Material for the task
--- --- ---

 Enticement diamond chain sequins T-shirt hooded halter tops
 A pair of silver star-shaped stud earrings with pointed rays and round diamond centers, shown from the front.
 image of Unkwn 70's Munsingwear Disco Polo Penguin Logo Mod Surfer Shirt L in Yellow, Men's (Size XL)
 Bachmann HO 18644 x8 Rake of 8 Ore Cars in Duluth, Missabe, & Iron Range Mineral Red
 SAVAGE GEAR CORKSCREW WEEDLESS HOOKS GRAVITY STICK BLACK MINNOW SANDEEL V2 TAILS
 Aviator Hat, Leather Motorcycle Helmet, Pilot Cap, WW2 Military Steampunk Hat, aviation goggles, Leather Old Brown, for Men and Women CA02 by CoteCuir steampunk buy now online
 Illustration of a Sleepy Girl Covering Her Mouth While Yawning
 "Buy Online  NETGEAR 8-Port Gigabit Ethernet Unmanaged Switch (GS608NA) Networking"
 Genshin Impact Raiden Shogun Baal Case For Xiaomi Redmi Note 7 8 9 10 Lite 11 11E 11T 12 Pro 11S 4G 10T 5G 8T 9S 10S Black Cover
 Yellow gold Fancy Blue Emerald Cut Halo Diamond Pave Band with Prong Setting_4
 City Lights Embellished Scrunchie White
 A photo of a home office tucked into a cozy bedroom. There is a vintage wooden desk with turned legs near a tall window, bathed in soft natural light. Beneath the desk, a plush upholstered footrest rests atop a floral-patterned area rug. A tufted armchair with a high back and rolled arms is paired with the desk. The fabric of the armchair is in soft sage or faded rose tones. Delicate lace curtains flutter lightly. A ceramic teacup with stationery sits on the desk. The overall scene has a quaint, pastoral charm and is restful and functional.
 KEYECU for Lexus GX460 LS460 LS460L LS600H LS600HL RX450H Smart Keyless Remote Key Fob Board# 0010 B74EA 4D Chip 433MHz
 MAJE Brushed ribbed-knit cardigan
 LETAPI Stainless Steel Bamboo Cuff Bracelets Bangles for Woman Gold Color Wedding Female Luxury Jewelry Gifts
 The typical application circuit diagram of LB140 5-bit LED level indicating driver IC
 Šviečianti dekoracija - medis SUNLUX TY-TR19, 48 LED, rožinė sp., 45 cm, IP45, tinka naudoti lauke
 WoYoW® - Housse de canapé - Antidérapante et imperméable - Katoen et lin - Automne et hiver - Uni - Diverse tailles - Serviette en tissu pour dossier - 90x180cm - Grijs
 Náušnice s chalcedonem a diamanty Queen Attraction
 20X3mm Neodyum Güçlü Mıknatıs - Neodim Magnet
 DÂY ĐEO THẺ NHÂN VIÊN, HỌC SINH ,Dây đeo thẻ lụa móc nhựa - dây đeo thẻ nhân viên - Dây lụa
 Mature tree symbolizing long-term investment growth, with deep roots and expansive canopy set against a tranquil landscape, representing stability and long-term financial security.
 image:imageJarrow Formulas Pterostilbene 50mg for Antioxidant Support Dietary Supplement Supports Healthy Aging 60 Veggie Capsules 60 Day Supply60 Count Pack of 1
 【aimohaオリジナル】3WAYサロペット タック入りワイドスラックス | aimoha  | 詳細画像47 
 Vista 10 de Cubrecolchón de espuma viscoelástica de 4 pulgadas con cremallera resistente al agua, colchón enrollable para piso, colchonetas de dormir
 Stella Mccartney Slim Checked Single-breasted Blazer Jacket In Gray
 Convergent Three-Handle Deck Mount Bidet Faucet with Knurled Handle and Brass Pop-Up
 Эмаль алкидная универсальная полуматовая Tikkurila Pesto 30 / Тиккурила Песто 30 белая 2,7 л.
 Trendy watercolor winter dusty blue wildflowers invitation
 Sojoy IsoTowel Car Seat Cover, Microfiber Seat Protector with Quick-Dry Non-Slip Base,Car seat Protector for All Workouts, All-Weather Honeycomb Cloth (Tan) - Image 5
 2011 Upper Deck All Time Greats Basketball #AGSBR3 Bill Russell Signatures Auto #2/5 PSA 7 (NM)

--- --- ---

What you will do
What you return should be exactly the lines above, starting at the one with "Náušnice s chalcedonem" and ending at the one with "DÂY ĐEO THẺ NHÂN VIÊN, HỌC", and nothing else.

Worked solution
 Náušnice s chalcedonem a diamanty Queen Attraction
 20X3mm Neodyum Güçlü Mıknatıs - Neodim Magnet
 DÂY ĐEO THẺ NHÂN VIÊN, HỌC SINH ,Dây đeo thẻ lụa móc nhựa - dây đeo thẻ nhân viên - Dây lụa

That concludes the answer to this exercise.